Democratic presidential hopeful Sen. Barack Obama D-Ill., speaks about race during an address in Philadelphia, Tuesday, March 18, 2008. (AP Photo/Alex Brandon)
INDIANAPOLIS (AP) -- Former Indiana Rep. Lee Hamilton is backing Sen. Barack Obama in an endorsement that could boost the presidential hopeful's national security standing, The Associated Press has learned.
Hamilton, who during a three-decade House career rose to be chairman of the Foreign Affairs and Intelligence committees, also was vice chairman of the Sept. 11 commission. He planned to announce his endorsement of Obama on Wednesday.
In an interview Hamilton said he viewed the Illinois senator as a champion of "the politics of consensus and not of partisan division."
"I think he is driven by the search for the common good," Hamilton said.
Hamilton is best known as the top Democrat on the panel that investigated the 9/11 terrorist attacks. He also was co-chairman of the Iraq Study Group, a bipartisan commission that assessed U.S. policy in Iraq.
Although Hamilton is not a Democratic superdelegate, his backing comes on the heels of several high-profile endorsements for Obama, who leads Sen. Hillary Rodham Clinton in delegates for the party's nomination. Sens. Bob Casey Jr. of Pennsylvania and Amy Klobuchar of Minnesota endorsed Obama in recent days.
Hamilton is the highest-profile Indiana Democrat to back Obama before the state's May 6 primary. Sen. Evan Bayh and the bulk of Indiana's Democratic Party leadership have campaigned actively for Clinton in a state where neither candidate is regarded as a natural front-runner.
Hamilton, once mentioned as a possible running mate for Bill Clinton, told the AP he believed Obama was the candidate most likely to unite the country.

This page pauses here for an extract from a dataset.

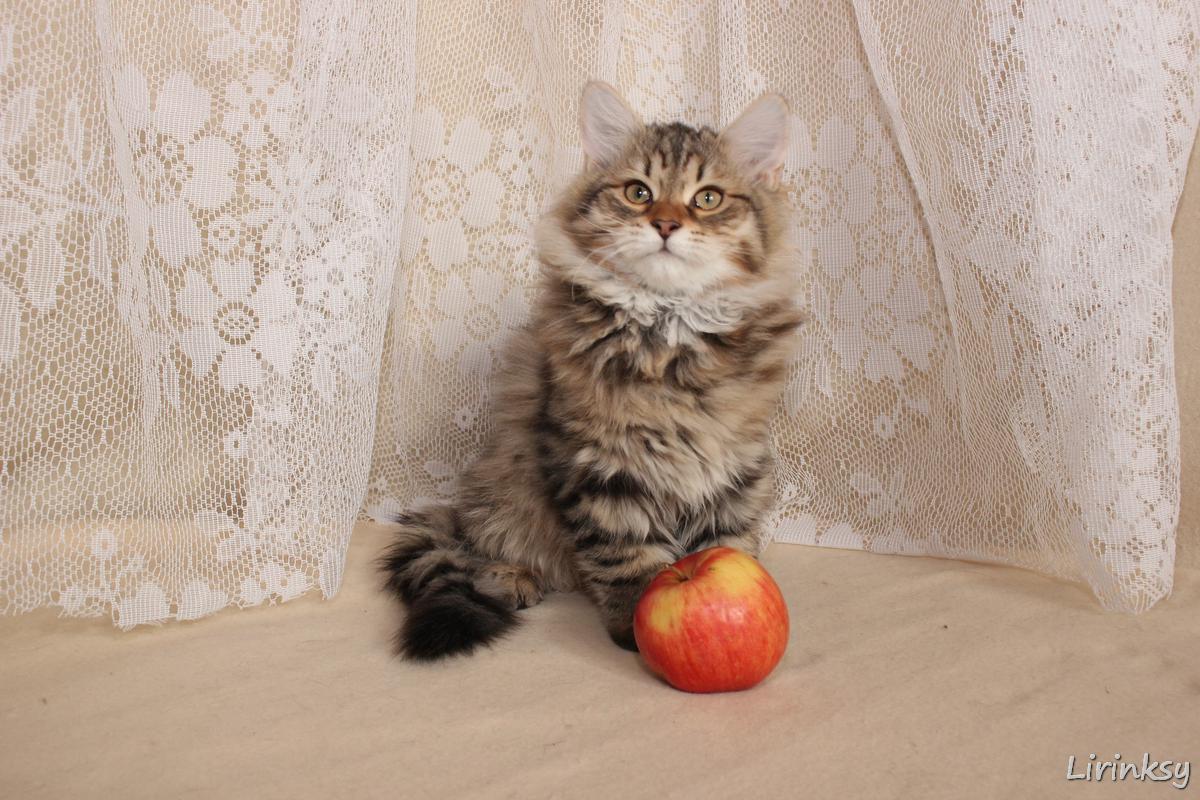 Lirinksy Citata — девочка с персиком.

"I begin by asking myself what kind of leadership the country needs at this juncture and I think, for me at least, the answer is that you want a candidate that will try to bring together a country that is very evenly divided, a country in which partisanship has been very sharp and to try to get a candidate who will create a new sense of national unity and will try to transcend the divisions within the country," he said.
Hamilton spent 34 years in Congress representing a southern Indiana district before retiring in 1999.
Hamilton now leads the Woodrow Wilson International Center for Scholars in Washington. In a speech there last year, written by a longtime aide to Hamilton, Obama warned Pakistan that he would use military force if necessary to root out terrorists.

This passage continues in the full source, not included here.